FTFY. Wilson was only idealistic about white people’s rights, man didn’t give a shit about Mexicans, blacks, or anyone else (part of the reason for the 1915 intervention in Haiti was because he didn’t want blacks at home getting “ideas” about pesky things like constitutional rights.
I know, that's why I said his idealism was 'schizophrenic'. Peoples like the Czechs and Armenians may have benefited from his presence at Versailles, but the likes of the Arabs and Chinese sure didn't see a whole lot of his supposed benevolence and commitment to democracy at the same talks, nor did the various Latin Americans and Haitians whose countries he invaded to bring 'order' and 'democracy' to.
The Philippine War featured 126,000 American soldiers deployed to fight the insurgency, so yes, it was lower in raw terms but in terms of proportion it was not in comparison to what would be needed to occupy Mexico. The Philippines in 1900 had 6.5 Million, which means the 126,000 Americans resulted in a ~50:1 ratio, the same proposed for Mexico with 14.3 Million and 290,000 Americans. The material basis for sustaining such a force long term is, I think, also good. In 1919, Army Chief of Staff Peyton Marsh proposed a standing force of 500,000 men, with Congress ultimately approving a force of roughly 290,000 in 1921. This was without a conflict with Mexico to establish a firm need for more, nor with a militaristic President to help push it through Congress by cheerleading it with the backing of the already existing war faction.

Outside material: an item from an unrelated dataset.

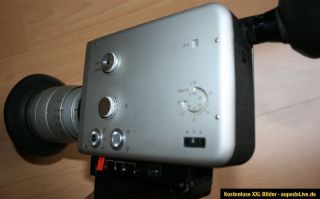Braun NIZO S 800 Super 8 Kamera S800 Set m. Tasche, Buch uvm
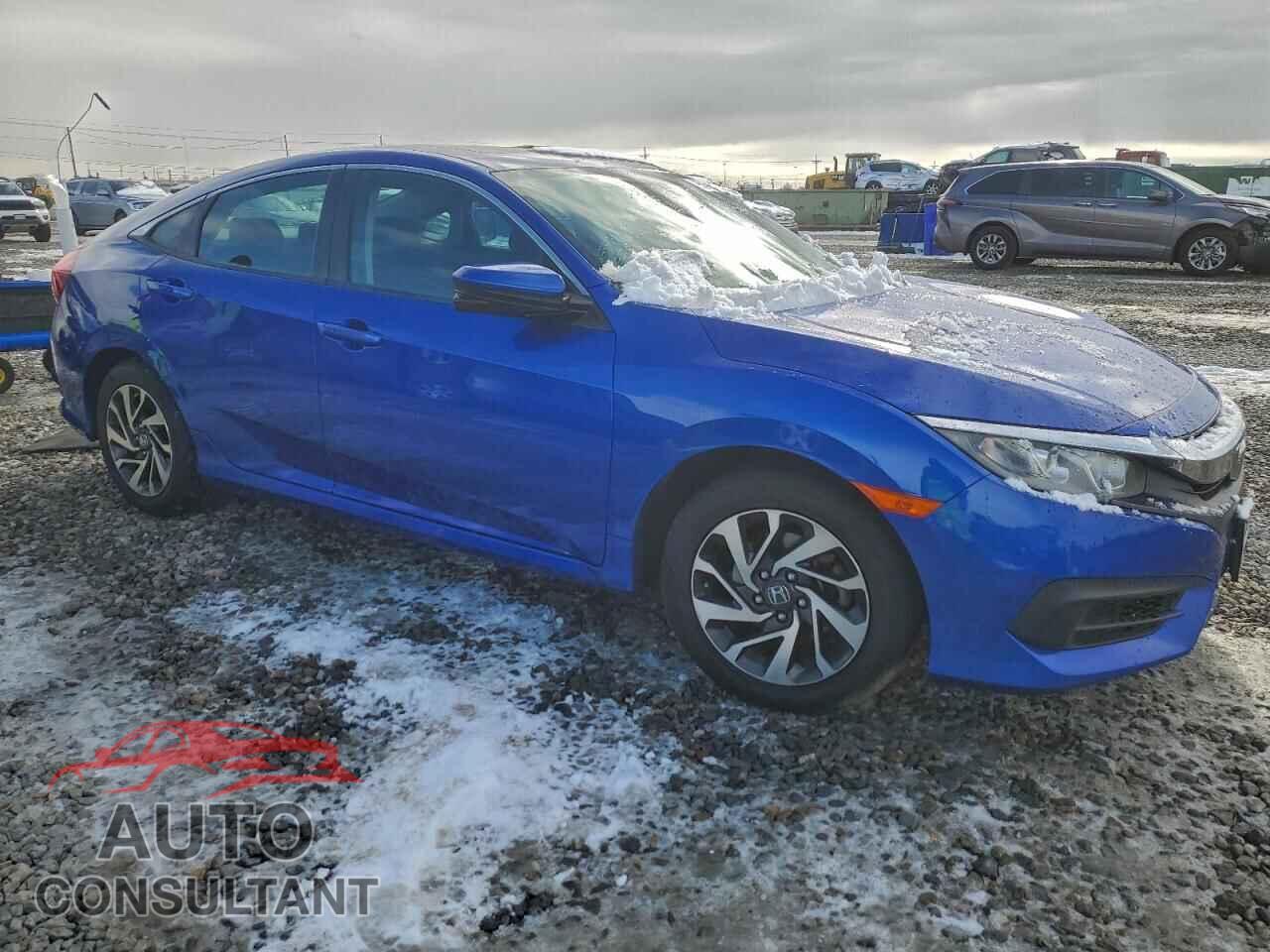HONDA CIVIC 2017 - 19XFC2F78HE070558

Beyond the basic material pre-conditions of a conventional phase followed by an effective occupation, there are other factors to consider. One major factor of U.S. success in both the Banana Wars as well as the Philippines was the American ability to limit outside assistance to the insurgencies, which mean limited supplies of weapons, funds, and obviously no training of guerilla forces could occur. This would hold true for Mexico especially, given the U.S. Navy controls the Americas firmly and Mexico's land borders are either with the United States itself or client regimes in the case of Central America. With American Armies holding the cities and outside aid impossible, any insurgency will rapidly die off for lack of an ability to logistically sustain itself. Outside of the local specifics, one also has to ask who would be willing to do so in the first place? The German Empire is no longer around and the RSFSR is currently fighting for its life. Japan maybe would have some interest, but the logistics aren't there because they literally don't have the bases to do such.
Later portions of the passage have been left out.